A Novel Feature Selection Strategy Based on the Harris Hawks Optimization Algorithm for the Diagnosis of Cervical Cancer

Abstract

Cervical cancer is the fourth most commonly diagnosed cancer and one of the leading causes of cancer-related deaths among females worldwide. Early diagnosis can greatly increase the cure rate for cervical cancer. However, due to the need for substantial medical resources, it is difficult to implement in some areas. With the development of machine learning, utilizing machine learning to automatically diagnose cervical cancer has currently become one of the main research directions in the field. Such an approach typically involves a large number of features. However, a portion of these features is redundant or irrelevant. The task of eliminating redundant or irrelevant features from the entire feature set is known as feature selection (FS). Feature selection methods can roughly be divided into three types, including filter-based methods, wrapper-based methods, and embedded-based methods. Among them, wrapper-based methods are currently the most commonly used approach, and many researchers have demonstrated that these methods can reduce the number of features while improving the accuracy of diagnosis. However, this method still has some issues. Wrapper-based methods typically use heuristic algorithms for FS, which can result in significant computational time.

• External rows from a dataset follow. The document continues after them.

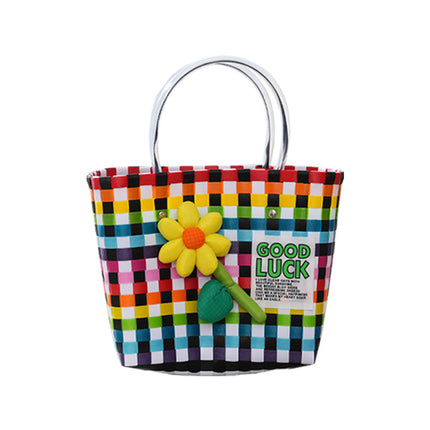 PVC Woven Oval Bag 12 Colors Plain or Applique / Sac Tressé PVC Ovale 12 Couleurs Uni ou Appliqué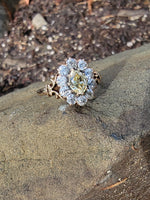 14k Victorian - Edwardian fancy yellow diamond mine cut halo ring - GIA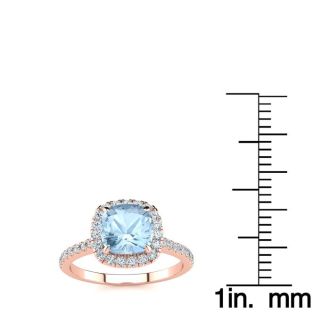 Aquamarine Ring: Aquamarine Jewelry: 2 Carat Cushion Cut Aquamarine and Halo Diamond Ring In 14K Rose Gold
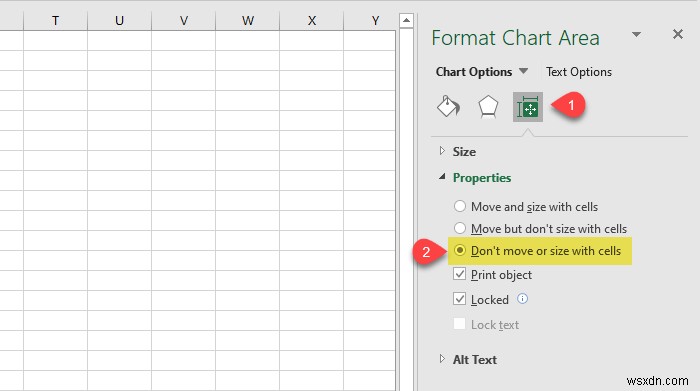 Cách khóa vị trí Biểu đồ trong bảng tính Excel 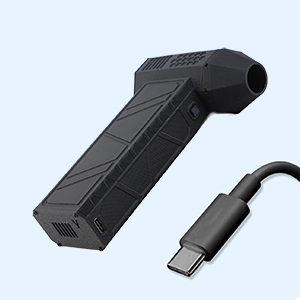 Black handheld electronic device with USB-C connector, possibly an adapter or charger.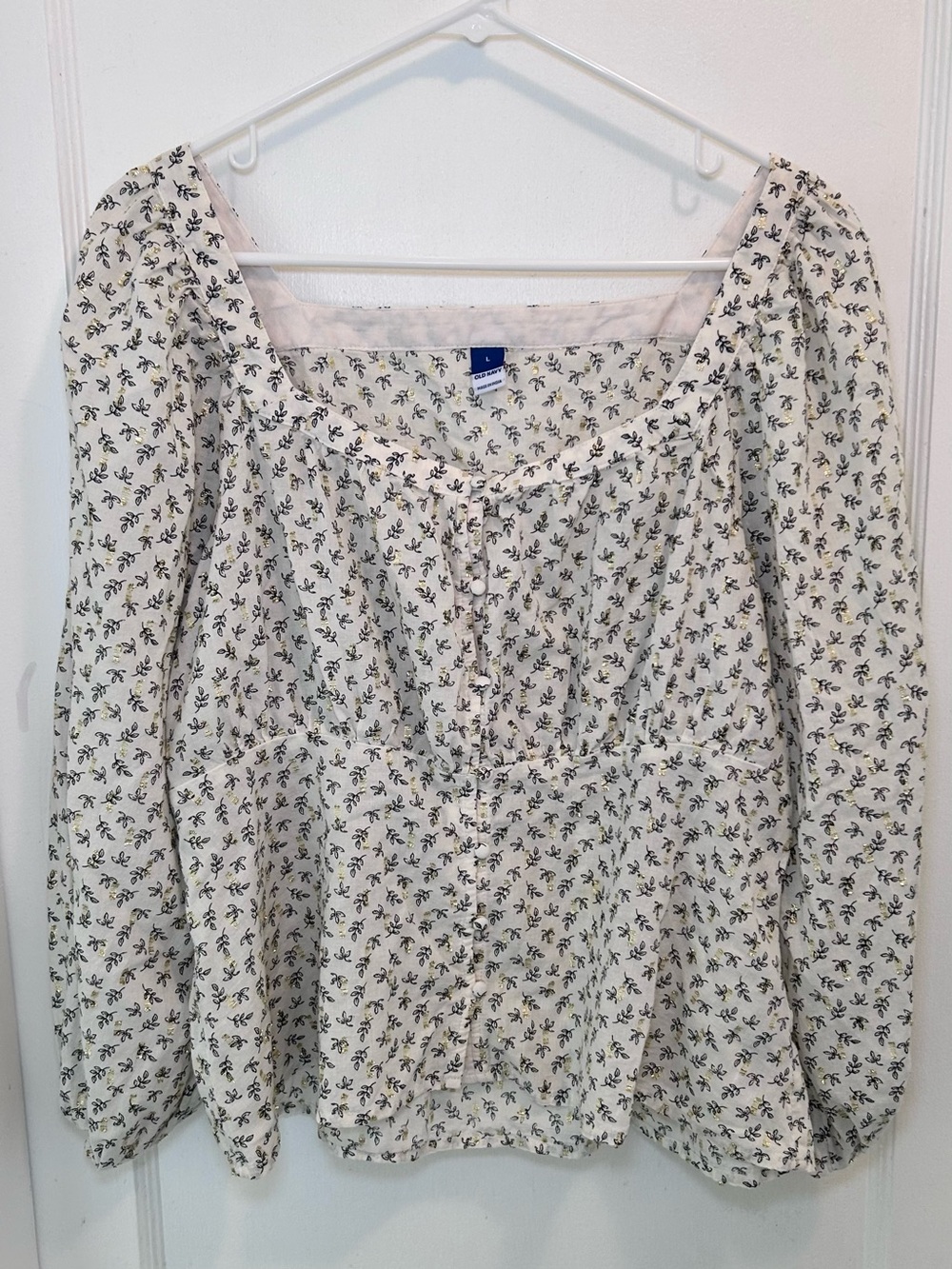 Old Navy Ditsy Floral Cream Square Neck Puff Long Sleeve Button Blouse Women’s L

On the other hand, heuristic algorithms are often sensitive to parameters, leading to instability in performance. To overcome this challenge, a novel wrapper-based method named the Binary Harris Hawks Optimization (BHHO) algorithm is proposed in this paper. Compared to other wrapper-based methods, the BHHO has fewer hyper-parameters, which contributes to better stability. Furthermore, we have introduced a rank-based selection mechanism into the algorithm, which endows BHHO with enhanced optimization capabilities and greater generalizability. To comprehensively evaluate the performance of the proposed BHHO, we conducted a series of experiments. The experimental results show that the proposed BHHO demonstrates better accuracy and stability compared to other common wrapper-based FS methods on the cervical cancer dataset. Additionally, even on other disease datasets, the proposed algorithm still provides competitive results, proving its generalizability.